- WORK ITEM -
Pull every line with "Living" from the data below and copy it.

═══ EXERCISE DATA ═══

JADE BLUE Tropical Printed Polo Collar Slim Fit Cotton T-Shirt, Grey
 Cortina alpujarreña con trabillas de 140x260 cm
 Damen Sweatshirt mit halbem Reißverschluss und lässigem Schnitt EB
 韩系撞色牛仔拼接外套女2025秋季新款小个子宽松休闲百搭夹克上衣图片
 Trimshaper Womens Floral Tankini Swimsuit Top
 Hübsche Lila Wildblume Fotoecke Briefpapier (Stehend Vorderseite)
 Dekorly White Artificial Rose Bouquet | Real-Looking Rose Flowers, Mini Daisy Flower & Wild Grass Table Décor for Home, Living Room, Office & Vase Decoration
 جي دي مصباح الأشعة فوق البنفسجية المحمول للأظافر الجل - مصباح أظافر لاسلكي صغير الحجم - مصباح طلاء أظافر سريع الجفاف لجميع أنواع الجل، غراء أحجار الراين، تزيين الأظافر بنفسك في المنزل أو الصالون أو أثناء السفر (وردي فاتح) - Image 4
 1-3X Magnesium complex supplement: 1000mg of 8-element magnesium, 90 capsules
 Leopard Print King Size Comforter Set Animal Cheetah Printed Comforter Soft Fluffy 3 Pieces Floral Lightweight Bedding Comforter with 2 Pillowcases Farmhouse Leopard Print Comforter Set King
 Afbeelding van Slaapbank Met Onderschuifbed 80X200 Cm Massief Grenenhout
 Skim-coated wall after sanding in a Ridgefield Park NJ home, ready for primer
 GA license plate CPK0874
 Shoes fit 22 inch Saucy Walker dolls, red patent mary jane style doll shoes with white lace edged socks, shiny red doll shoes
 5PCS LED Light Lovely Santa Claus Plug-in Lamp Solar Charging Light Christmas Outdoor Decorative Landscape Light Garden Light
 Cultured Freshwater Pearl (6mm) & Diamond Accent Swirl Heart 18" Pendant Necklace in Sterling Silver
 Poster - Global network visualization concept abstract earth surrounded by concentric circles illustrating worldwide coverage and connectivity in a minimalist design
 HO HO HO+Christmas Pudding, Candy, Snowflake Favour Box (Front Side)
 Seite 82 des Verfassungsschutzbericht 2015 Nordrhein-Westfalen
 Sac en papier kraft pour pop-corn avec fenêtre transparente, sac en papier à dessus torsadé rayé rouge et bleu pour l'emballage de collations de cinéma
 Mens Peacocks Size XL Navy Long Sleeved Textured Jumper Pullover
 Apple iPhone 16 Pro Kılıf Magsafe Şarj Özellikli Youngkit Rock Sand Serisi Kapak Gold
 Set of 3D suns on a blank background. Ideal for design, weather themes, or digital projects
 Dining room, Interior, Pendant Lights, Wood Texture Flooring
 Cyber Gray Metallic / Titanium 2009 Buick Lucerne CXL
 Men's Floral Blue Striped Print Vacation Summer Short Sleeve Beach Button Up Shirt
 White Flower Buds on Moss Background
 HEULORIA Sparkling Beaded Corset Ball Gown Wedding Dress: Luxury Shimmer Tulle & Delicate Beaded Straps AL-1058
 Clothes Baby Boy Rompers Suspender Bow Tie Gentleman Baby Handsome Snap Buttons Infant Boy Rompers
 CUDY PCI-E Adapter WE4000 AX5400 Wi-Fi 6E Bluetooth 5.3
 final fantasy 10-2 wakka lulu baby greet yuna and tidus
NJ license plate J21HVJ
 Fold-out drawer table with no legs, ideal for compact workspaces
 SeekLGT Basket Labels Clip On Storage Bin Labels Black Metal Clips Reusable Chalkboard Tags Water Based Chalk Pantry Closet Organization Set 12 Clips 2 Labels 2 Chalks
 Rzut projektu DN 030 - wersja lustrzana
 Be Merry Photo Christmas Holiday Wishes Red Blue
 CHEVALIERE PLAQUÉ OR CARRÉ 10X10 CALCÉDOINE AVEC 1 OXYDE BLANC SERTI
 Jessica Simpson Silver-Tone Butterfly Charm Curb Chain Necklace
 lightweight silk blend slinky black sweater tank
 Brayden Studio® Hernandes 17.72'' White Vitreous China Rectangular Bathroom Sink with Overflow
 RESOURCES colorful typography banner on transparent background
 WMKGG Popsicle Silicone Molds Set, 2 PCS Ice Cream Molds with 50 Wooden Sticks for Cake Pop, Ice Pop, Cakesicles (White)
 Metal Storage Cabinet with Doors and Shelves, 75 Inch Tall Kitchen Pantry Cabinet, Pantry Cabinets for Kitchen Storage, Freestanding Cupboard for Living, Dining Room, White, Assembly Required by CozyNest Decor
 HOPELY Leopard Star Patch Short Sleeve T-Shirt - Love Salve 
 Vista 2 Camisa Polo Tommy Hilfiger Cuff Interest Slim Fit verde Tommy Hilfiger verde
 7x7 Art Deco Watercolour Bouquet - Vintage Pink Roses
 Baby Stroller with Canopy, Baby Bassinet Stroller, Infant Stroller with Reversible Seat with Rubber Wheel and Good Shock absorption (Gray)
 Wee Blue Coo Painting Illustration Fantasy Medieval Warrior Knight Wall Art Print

═══

- SOLUTION FOR THIS EXERCISE -
 Dekorly White Artificial Rose Bouquet | Real-Looking Rose Flowers, Mini Daisy Flower & Wild Grass Table Décor for Home, Living Room, Office & Vase Decoration
 Metal Storage Cabinet with Doors and Shelves, 75 Inch Tall Kitchen Pantry Cabinet, Pantry Cabinets for Kitchen Storage, Freestanding Cupboard for Living, Dining Room, White, Assembly Required by CozyNest Decor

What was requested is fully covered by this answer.